Dataset section start

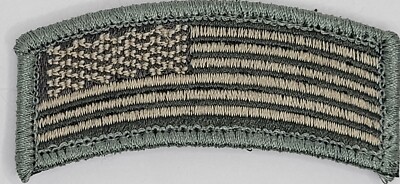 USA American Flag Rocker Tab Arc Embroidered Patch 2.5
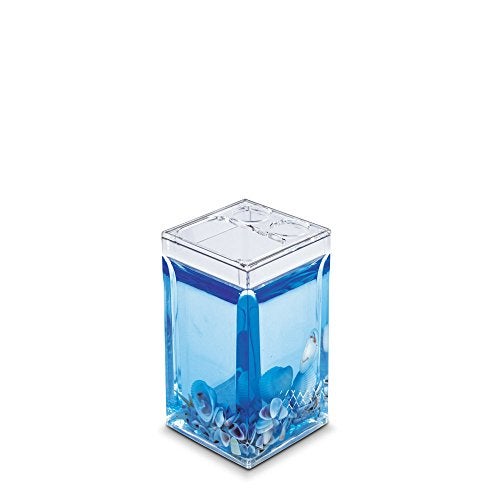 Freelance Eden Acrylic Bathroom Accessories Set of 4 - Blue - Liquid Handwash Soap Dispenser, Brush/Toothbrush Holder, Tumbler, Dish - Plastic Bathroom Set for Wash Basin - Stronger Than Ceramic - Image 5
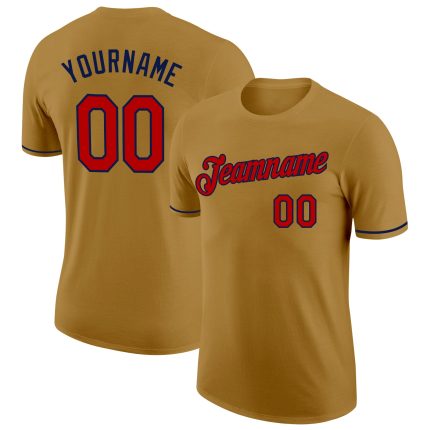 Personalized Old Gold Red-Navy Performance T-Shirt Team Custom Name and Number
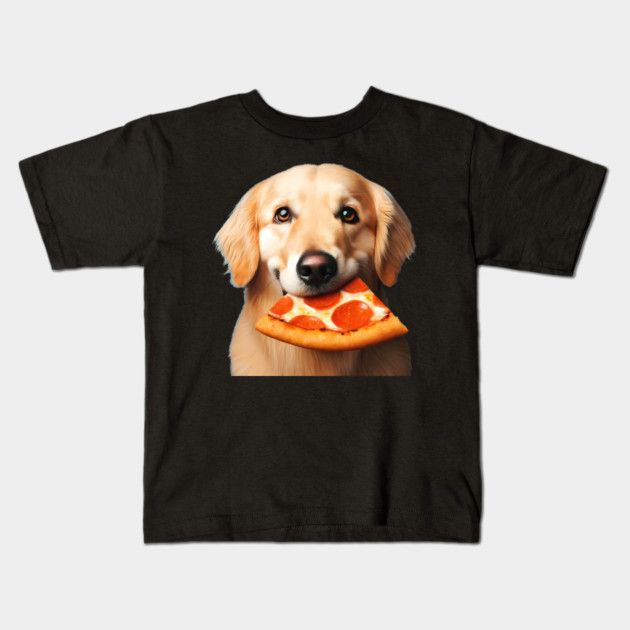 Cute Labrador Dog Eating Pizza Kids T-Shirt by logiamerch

Dataset section end
Dataset section start

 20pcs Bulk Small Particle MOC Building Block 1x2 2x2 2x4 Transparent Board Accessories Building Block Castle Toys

Dataset section end

Aim of the task => Above, find the line with "USA American Flag"; copy it and every line down to the line with "Freelance Eden Acrylic", exactly and both included, but no pictures.

Expected answer =>
 USA American Flag Rocker Tab Arc Embroidered Patch 2.5
 Freelance Eden Acrylic Bathroom Accessories Set of 4 - Blue - Liquid Handwash Soap Dispenser, Brush/Toothbrush Holder, Tumbler, Dish - Plastic Bathroom Set for Wash Basin - Stronger Than Ceramic - Image 5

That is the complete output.